Et aussi trois directions et trois verbes :

  • la tête, le cœur et la main
  • connaître, vouloir, apprendre

On souligne enfin le rôle joué par le contexte historique, celui du Siècle des Lumières, de la Révolution Française - inspiratrice d’une éducation laïque et universaliste – et, surtout, de Jean-Jacques Rousseau dont Pestalozzi a largement suivi les préceptes énoncés dans l’ « Emile ».

Nous abordons ensuite la deuxième partie de nos échanges, davantage consacrée aux répercussions que peuvent avoir les enseignements de Pestalozzi sur les pratiques éducatives actuelles, en rappelant le titre donné par Philippe Mérieu à son document : « Que faire des enfants qui ne veulent pas de nous ? »

Cette interrogation en suscite une autre : « Que faire devant l’hétérogénéité avec de grands enfants (des adultes) dans des formations pas forcément désirées ? », en particulier lors de changements de profession.

La question ne trouve pas d’écho direct mais inspire une réflexion sur l’importance de l’intégration de l’enseignant, du formateur, au milieu dans lequel vivent ceux dont ils ont la charge. Beaucoup d’enseignants ne vivent pas au sein de leur lieu de travail.

On rappelle l’influence de Pestalozzi sur Célestin Freinet et le courant de la pédagogie sociale, en particulier lorsqu’il est question de mettre le travail au centre de la pédagogie.
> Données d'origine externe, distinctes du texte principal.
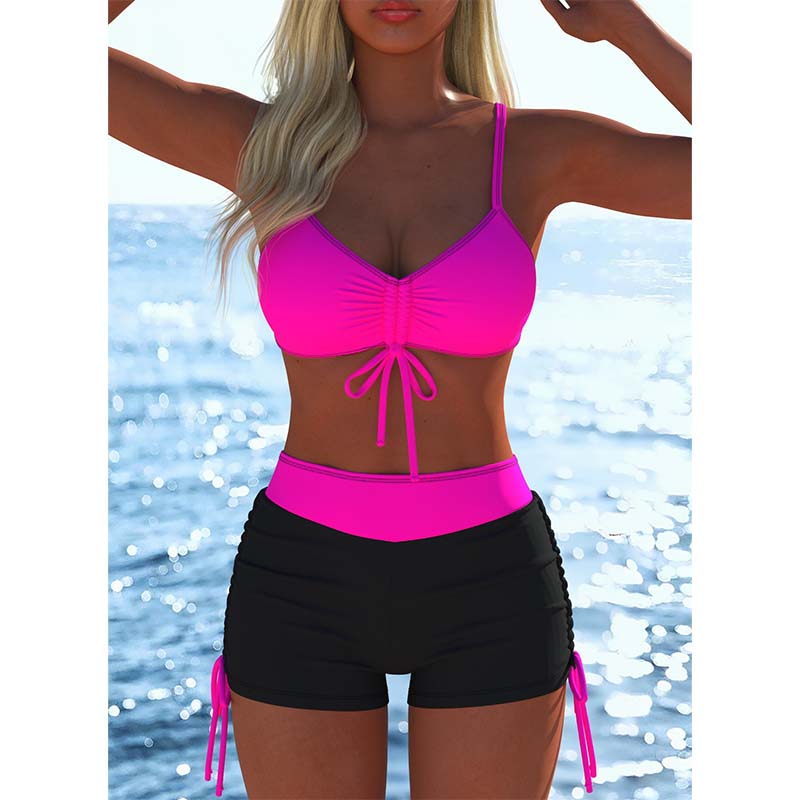 Bikini Set para Mujer – Top con Cordón y Boyshorts, Varios Diseños🩱 Para Playa y Piscina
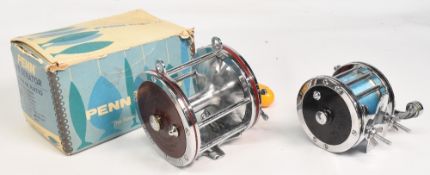 Penn Senator 114-H Big Game multiplier reel foot stamped 30-114 on/off check, decorative end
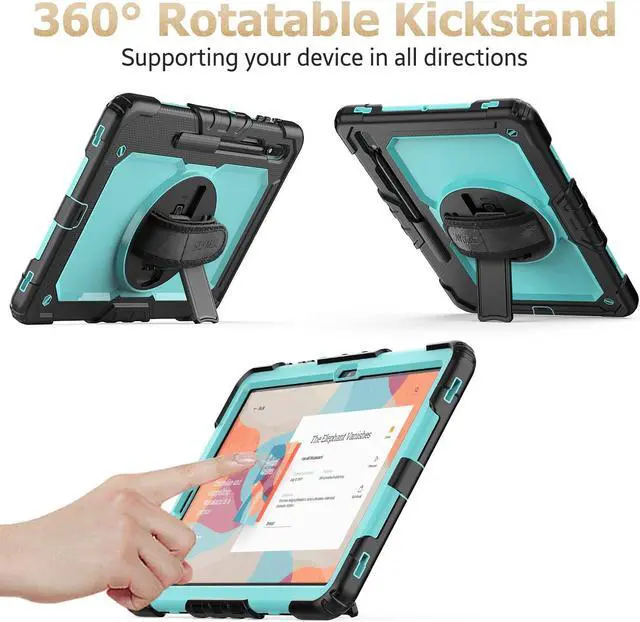 Alt view image 4 of 5 - SEYMAC stock Case for Samsung Galaxy Tab S8 Plus/ S7 FE Case 12.4'' with Screen Protector Pencil Holder [360 Rotating Hand Strap] &Stand, Drop-Proof Case for Galaxy Tab S8 Plus/ S7 FE, Sky Blue/Black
Un travail et les outils qui lui sont associés peuvent permettre à des élèves démolis par certains maîtres de retrouver une existence pour ensuite apprendre à écrire, lire et apprendre les fondamentaux. Cette affirmation s’applique plus facilement à l’école primaire qu’au collège ou au lycée où s’exercent les freins du cloisonnement.

Une autre démonstration du rôle du travail dans l’éducation peut être observée dans les réseaux de savoir où la liberté des échanges peut fournir des appuis puisés hors des apprentissages formels.

Une participante nous lit un passage du chapitre consacré à Pestalozzi dans « Les grandes figures de la pédagogie », de Augustin Mutuale et Gabrièle Weigand, collection : « Pédagogie et sciences humaines ». Le chapitre compte 17 pages ; il est introduit par un extrait de la « Prière aux amis et bienfaiteurs de l’humanité », rédigée par Pestalozzi : « C’est pour moi un fait d’expérience que des enfants qui ont perdu la santé, les forces et le courage dans une vie de fainéantise et de mendicité, dès qu’ils sont soumis à un travail régulier, retrouvent promptement leur gaieté, leur entrain, leur bonne mine, et se développent d’une manière étonnante, par le seul changement de leur situation : à l’abri des circonstances qui les avaient dépravés. C’est pour moi un fait d’expérience que, de l’abjection de la plus profonde misère, ils s’élèvent très vite à des sentiments d’humanité, de confiance et de bienveillance ; que l’affection témoignée à l’être le plus dégradé l’élève à une vie supérieure, et que les yeux de l’enfant abandonné brillent d’un étonnement joyeux et reconnaissant, lorsqu’après des années de misère une main douce et amicale s’offre à lui pour le guider. »

Nous pouvons trouver dans ces lignes la confirmation que le travail manuel peut constituer un moyen de lutte contre l’échec scolaire en redonnant confiance à ceux qui « viennent à l’école en reculant ».

On observe aussi qu’il existe des situations où les difficultés peuvent être des moteurs … à condition de savoir comment avancer.

Nous accueillons ensuite le témoignage d’une participante qui a voulu se rapprocher d’un collégien d’origine turque en apprenant quelques mots de cette langue pour engager un échange avec l’intéressé. À cette occasion, elle a pu constater que ce dernier ne pratiquait pas mieux sa langue d’origine que le français.

Mais, surtout, elle a observé un changement dans le regard que les élèves posaient sur elle devant son intérêt pour une langue étrangère.

Nous revenons sur la thématique rencontrée lors de notre débat avec Benoît Falaize : comment transformer la différence en potentiel ? C’est l’occasion de rappeler que l’hétérogénéité n’est riche que si on sait en faire un milieu porteur. Elle ne constitue pas une valeur en soi.

Nos échanges s’achèvent sur le rôle de la règle qui protège, qui interdit et qui autorise.